Exercise instructions – Would you transcribe the records below from the line with "F/Fitted West Bay" to the line with "Vara By Vishudh", ends included, exactly and with nothing more, leaving the pictures out?

Material shown –
□ □ □ □ □

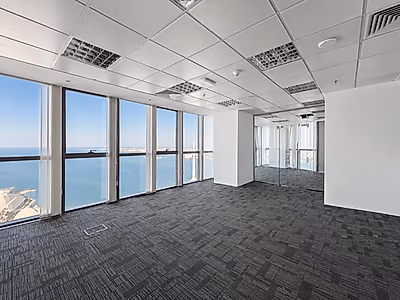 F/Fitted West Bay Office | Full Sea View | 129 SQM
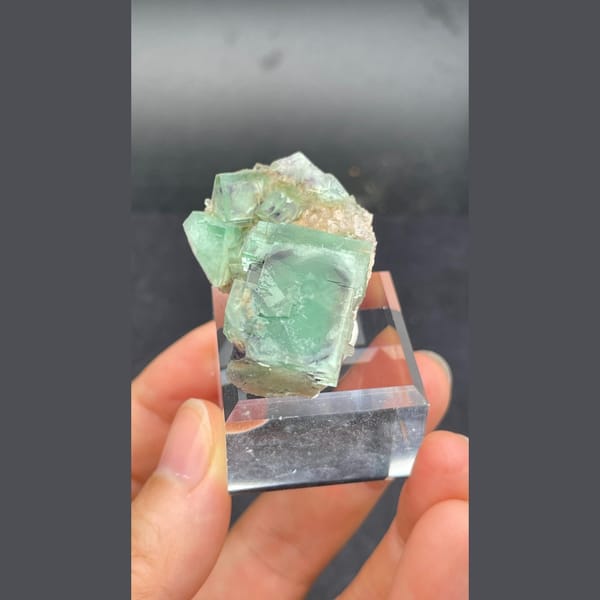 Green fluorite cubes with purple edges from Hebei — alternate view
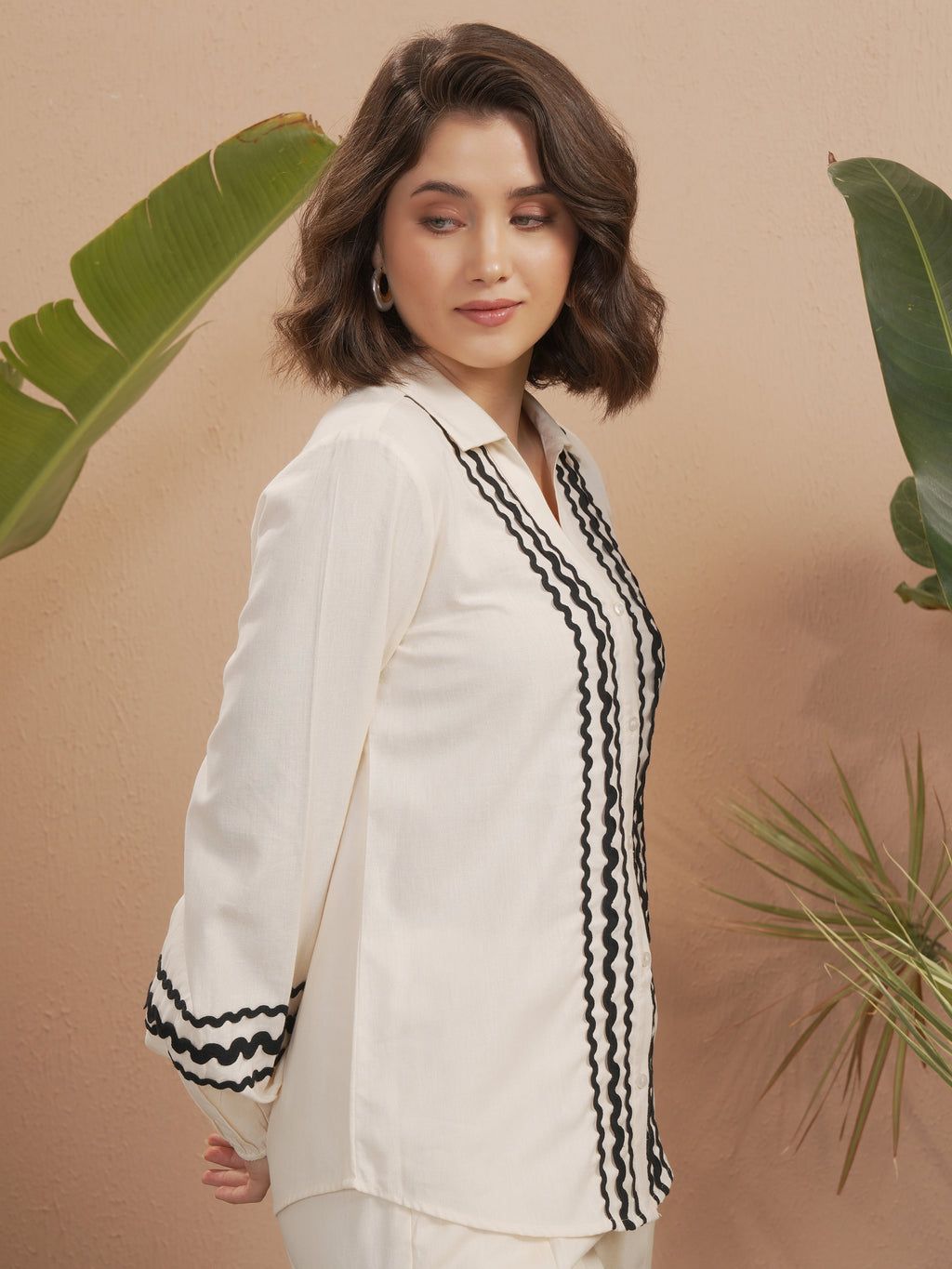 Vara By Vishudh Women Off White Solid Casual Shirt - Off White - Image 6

□ □ □ □ □

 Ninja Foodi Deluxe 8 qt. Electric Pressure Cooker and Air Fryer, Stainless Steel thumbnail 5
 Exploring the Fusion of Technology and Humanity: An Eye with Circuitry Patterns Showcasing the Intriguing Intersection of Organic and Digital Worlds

□ □ □ □ □

Your solution –
 F/Fitted West Bay Office | Full Sea View | 129 SQM
 Green fluorite cubes with purple edges from Hebei — alternate view
 Vara By Vishudh Women Off White Solid Casual Shirt - Off White - Image 6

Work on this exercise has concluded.